- MATERIALS PROVIDED
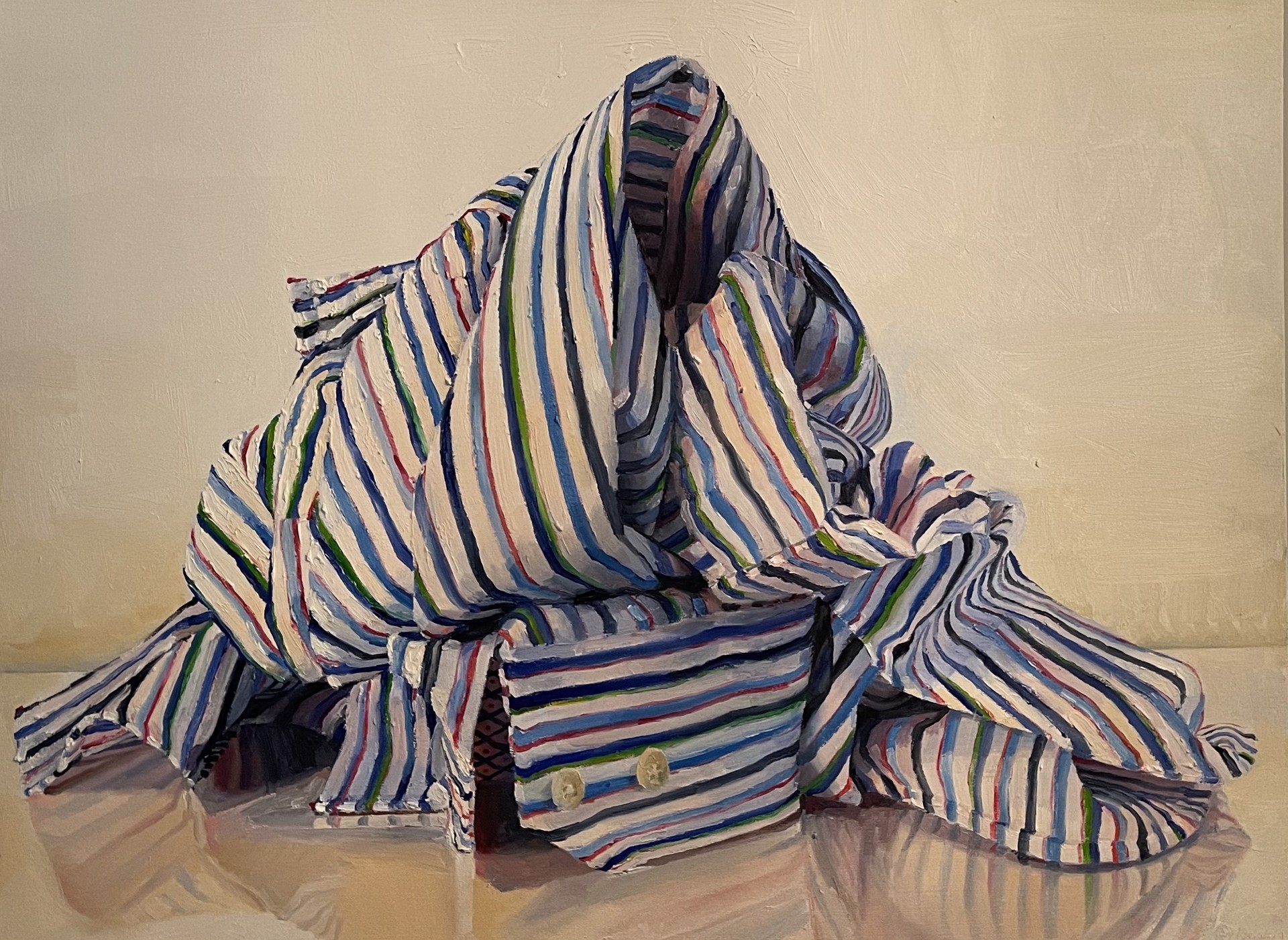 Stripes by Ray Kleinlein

==

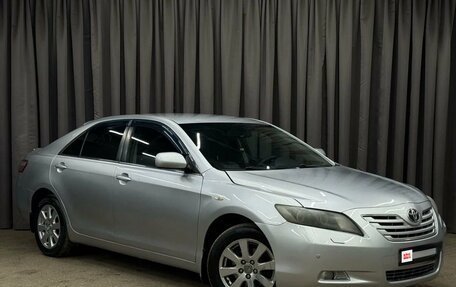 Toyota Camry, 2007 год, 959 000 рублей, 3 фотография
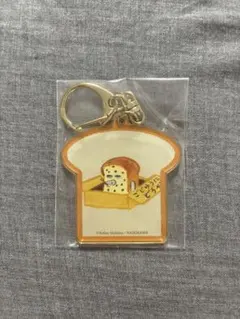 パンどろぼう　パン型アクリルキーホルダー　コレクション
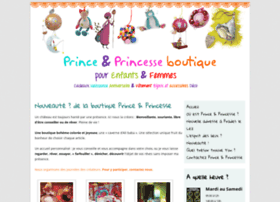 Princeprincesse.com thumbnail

--

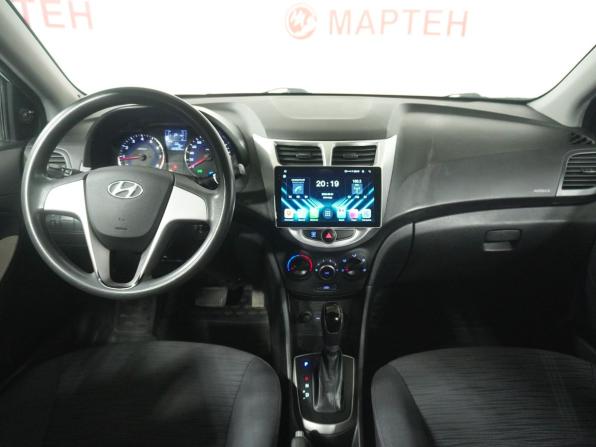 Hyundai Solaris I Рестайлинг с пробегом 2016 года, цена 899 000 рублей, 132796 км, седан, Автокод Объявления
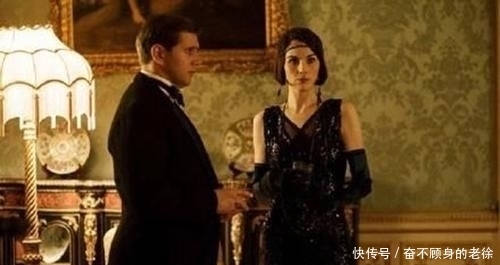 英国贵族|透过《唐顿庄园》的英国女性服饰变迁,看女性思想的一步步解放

- EXERCISE
Out of the records above, return only the lines from the one with "Toyota Camry, 2007" through the one with "Princeprincesse.com thumbnail", exactly, and none of the pictures.

- ANSWER TO THIS EXERCISE
 Toyota Camry, 2007 год, 959 000 рублей, 3 фотография
 パンどろぼう　パン型アクリルキーホルダー　コレクション
 Princeprincesse.com thumbnail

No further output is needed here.